За горой действительно оказался монастырь, который, как и усадьба, начал уже медленно превращаться в руины. В этом, во всяком случае, старик не соврал. Она смотрела на него сверху, но приближаться ей не хотелось. Девушка перекрестилась, прочитала «Отче наш» (единственную молитву, которую она знала) и начала спуск.
В лощину солнечный свет не проникал, поэтому было сумрачно, и с веток деревьев то и дело падали крупные капли. Кое-как протиснувшись между покосившимися створками ворот, Ксюша столкнулась нос к носу с католическим монахом.
– Что привело тебя к нам, дочь моя? – слащаво нараспев произнес монах.
«Плохо, – подумала Ксюша. – Очень плохо. Старик сказал, что монастырь заброшен, да и снаружи он не выглядел жилым. Видимо, в этом и состоит подвох». Но страха девушка не чувствовала. То есть, ею владело некое неприятное предчувствие, но воспринималось и принималось сознанием оно холодно и безразлично. Похоже, она устала бояться.
– Я думала, монастырь необитаем, – Ксюша решила действовать в лоб.
– Боюсь, что нет, дочь моя. Боюсь, что нет, – всё также слащаво пропел монах.
– Что ж, тогда я пойду, – сказала Ксюша, отступая к двери.
– Боюсь, что нет, дочь моя. Боюсь, что нет, – пропел монах.
– Простите?
– Мы не можем тебя отпустить, – ласково улыбнулся монах. – К нам так давно никто не заходил…
При последних его словах по полу пополз туман, глаза монаха впали и вспыхнули красным, кожа побелела и обтянула череп, да и весь он словно бы ссохся и стал похож на мумию.

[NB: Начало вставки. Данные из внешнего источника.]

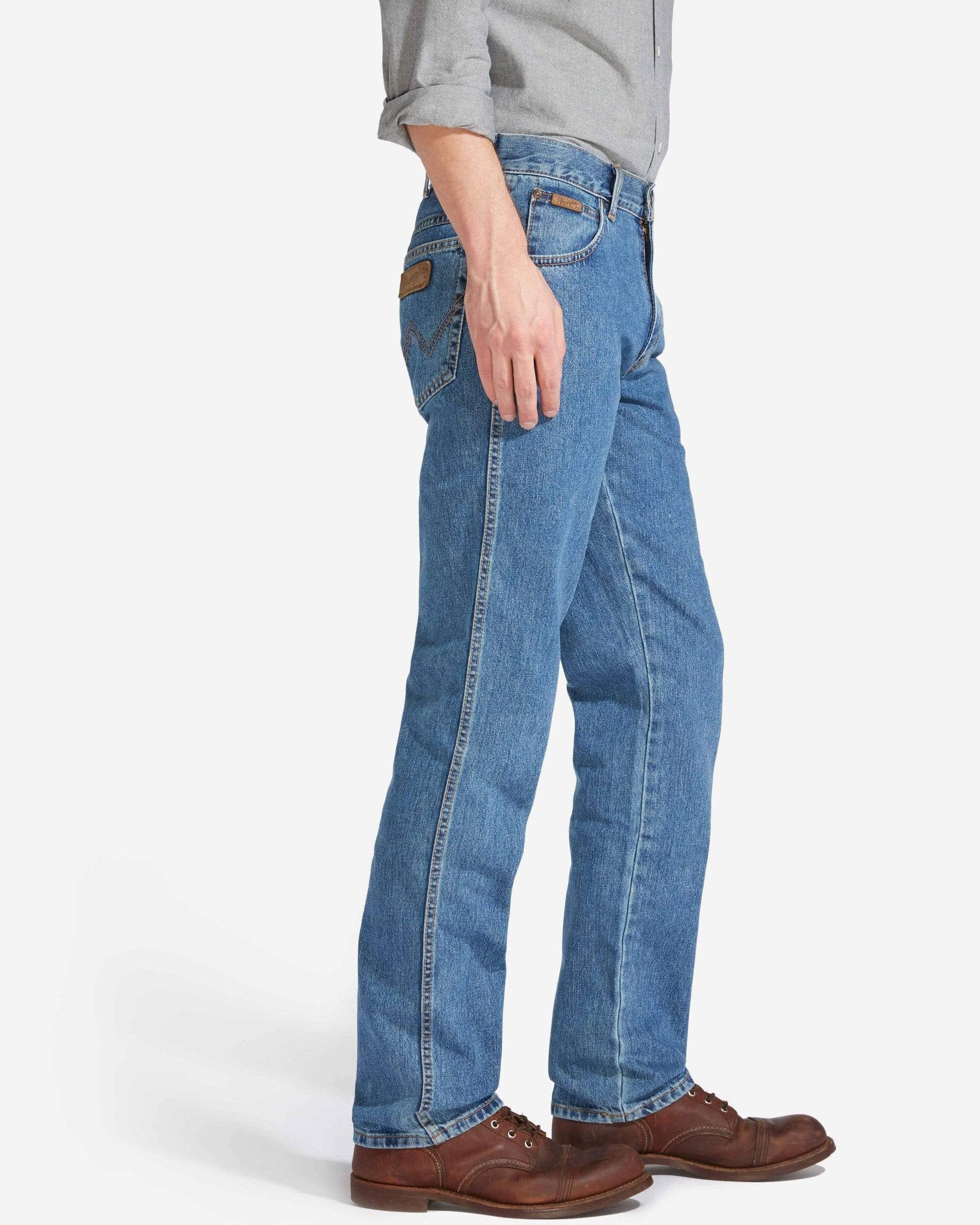 Texas Authentic Straight Mens Jeans - Stonewash Blue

– А нам ведь тоже надо чем-то питаться, – закончил он.
***
По углам горели свечи, напротив входа в стене была ниша, где стояла скульптура, изображавшая деву, заломившую руки и в невыразимой тоске воздевшую очи го́ре, у стен стояли два каменных саркофага.
Дормедонт Александрович лежал в одном из них и пытался забыться. Почти сто лет прошло, а ему всё ещё с трудом удавалось переносить своё состояние.